Haziran ayında İngiltere’de yapılan referandumda Avrupa Birliği’nden ayrılma kararı çıkmış ve bu gelişmenin ardından pound hızla değer kaybederek son 31 yılın en düşük seviyesinden işlem görmüştü. Pound’da yaşanan düşüş ise gıda ithalat fiyatlarının %16 oranında artmasına neden olmuştu.
2017 yılında da Fransa, Almanya ve Hollanda’da gerçekleşecek olan seçimler ile euro değerinde bir düşüş ve İngiltere’deki duruma benzer bir şekilde ithal gıda fiyatlarında artış ve ihtacat fiyatlarında düşüş yaşanması bekleniyor.
Amerika’da da Trump’ın Başkanlığının gıda endüstrisi üzerindeki olası etkileri genel olarak “zorlu” şeklinde ifade ediliyor. Trump’ın gelecekteki politikalarının sonuçlarını öngörebilmek zor ancak başkanlık kampanyası süresince konuşmalarının temelini oluşturan ‘korumacı’ politikaları hayata geçerse bunların oldukça geniş çaplı etkilerinin olacağını söylemek mümkün.
Rabobank Tarımsal Emtia Pazarları Başkanı Stephan Vogel, 2017 yılı boyunca para piyasalarındaki potansiyel dalgalanmalara dikkat edileceğini belirtiyor ancak pazarın sağlam bir temeli olduğuna da dikkat çekiyor. Vogel; “Dünya nüfusu ve refah düzeyi artıyor, bu da et ve süt ağırlıklı beslenmeye yönelimi tetikliyor.” açıklamasında bulunuyor.
Yüksek stok seviyesi ve Çin
Rabobank tarafından hazırlanan raporda ayrıca buğday, mısır ve soya gibi büyümekte olan hayvancılık endüstrisi açısından büyük bir öneme sahip olan temel gıda emtia rezervlerinin büyüklüğüne dikkat çekiliyor.
Rapora göre Çin, bu rezervlerin büyük bir bölümüne sahip.

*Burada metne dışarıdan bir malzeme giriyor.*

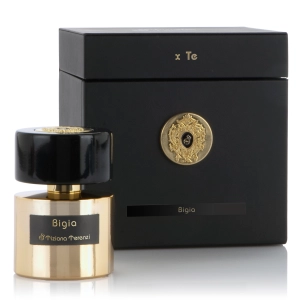 Bigia by Tiziana Terenzi 100ml EDP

Tam olarak miktarı bilinmese de Çin’in dünya mısır rezervlerinin yarısından fazlasına, pamuk rezrvlerinin %60’ına, buğday rezervlerinin %40’ına ve soya rezervlerinin de %21’ine sahip olduğu tahmin ediliyor.
Vogel; “Çin politikacılarının bu rezervleri satma yönünde her hangi bir karar alması durumunda Çin’in dünya pazarları üzerinde büyük bir etkisi olacaktır.” açıklamasında bulunuyor.
Çin’in elinde bulunana bu ‘koz’ bir tarafa dünya genelindeki yüksek stok seviyeleri nedeniyle Vogel 2017 yılında gıda fiyatlarının düşük seviyede seyredeceğini tahmin ediyor.